[Source data — start]
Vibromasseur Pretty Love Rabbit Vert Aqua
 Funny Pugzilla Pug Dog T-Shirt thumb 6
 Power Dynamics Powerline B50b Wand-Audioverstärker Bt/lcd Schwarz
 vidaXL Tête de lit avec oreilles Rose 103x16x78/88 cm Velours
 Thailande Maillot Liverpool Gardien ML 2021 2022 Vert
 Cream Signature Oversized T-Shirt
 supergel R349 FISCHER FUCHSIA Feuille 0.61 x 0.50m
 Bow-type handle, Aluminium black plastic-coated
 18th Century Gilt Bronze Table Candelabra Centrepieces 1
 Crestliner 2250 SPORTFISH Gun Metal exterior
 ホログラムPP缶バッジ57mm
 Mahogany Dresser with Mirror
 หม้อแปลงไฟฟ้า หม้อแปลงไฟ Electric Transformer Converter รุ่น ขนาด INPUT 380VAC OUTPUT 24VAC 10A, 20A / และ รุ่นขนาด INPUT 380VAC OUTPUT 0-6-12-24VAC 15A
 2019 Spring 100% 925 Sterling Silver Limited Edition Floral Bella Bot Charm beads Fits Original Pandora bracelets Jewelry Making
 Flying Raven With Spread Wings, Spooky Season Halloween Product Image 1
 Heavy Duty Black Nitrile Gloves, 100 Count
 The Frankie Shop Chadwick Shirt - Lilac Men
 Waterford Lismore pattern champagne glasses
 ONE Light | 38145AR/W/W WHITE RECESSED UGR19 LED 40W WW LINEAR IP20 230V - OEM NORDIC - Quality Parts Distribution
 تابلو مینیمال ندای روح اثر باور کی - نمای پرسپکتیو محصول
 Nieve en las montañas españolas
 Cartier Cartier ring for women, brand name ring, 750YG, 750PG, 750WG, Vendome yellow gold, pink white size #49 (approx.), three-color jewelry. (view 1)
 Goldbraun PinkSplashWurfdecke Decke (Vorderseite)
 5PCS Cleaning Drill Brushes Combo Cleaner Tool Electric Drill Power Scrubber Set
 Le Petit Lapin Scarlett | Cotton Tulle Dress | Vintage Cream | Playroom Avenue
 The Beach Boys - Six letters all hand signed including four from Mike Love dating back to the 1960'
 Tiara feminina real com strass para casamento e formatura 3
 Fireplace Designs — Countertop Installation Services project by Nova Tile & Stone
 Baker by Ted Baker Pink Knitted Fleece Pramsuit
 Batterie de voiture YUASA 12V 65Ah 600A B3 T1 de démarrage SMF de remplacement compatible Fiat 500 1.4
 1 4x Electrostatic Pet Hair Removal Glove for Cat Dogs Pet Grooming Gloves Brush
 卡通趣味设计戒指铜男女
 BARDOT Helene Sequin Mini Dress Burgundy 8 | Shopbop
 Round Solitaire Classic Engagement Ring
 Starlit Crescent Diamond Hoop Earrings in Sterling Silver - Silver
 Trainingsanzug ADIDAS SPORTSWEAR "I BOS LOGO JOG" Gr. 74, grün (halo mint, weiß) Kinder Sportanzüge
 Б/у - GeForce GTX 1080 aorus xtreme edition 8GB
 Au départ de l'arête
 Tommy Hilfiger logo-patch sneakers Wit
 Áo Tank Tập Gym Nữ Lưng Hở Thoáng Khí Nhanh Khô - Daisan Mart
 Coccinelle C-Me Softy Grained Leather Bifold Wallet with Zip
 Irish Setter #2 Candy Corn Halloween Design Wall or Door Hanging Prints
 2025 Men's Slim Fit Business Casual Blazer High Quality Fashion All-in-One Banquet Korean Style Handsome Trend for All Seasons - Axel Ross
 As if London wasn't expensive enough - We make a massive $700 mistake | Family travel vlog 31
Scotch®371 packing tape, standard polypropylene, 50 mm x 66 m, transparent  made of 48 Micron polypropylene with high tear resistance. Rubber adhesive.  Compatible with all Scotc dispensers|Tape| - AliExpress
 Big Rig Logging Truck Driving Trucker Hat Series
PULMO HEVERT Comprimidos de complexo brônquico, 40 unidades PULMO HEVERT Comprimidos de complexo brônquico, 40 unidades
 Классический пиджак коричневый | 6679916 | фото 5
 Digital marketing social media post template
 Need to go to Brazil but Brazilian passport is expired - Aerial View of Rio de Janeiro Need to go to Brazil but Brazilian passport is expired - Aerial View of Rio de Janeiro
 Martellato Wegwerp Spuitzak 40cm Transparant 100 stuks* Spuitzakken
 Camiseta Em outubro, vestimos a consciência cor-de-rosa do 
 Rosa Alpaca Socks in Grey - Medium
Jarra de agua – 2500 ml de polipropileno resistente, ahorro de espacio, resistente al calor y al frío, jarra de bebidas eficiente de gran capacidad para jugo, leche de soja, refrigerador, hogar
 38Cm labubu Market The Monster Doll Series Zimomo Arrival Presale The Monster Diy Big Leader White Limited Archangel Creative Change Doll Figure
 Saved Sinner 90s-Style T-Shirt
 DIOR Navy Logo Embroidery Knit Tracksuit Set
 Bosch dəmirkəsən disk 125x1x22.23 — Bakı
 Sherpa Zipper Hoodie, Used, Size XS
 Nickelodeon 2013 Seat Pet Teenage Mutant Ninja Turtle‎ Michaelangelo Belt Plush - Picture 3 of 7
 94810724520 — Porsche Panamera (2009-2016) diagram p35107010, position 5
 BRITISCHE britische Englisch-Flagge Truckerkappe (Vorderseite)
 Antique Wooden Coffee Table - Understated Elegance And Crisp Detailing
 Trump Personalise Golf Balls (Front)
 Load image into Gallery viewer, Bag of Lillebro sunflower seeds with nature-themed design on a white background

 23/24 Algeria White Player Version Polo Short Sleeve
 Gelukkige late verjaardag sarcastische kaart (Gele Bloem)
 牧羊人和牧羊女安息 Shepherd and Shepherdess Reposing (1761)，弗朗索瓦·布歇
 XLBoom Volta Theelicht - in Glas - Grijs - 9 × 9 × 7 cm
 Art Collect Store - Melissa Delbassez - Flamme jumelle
[Source data — finish]
• [Brief] The answer must be every line of the data that contains the word "Style".

• [Answer to this exercise]
 2025 Men's Slim Fit Business Casual Blazer High Quality Fashion All-in-One Banquet Korean Style Handsome Trend for All Seasons - Axel Ross
 Saved Sinner 90s-Style T-Shirt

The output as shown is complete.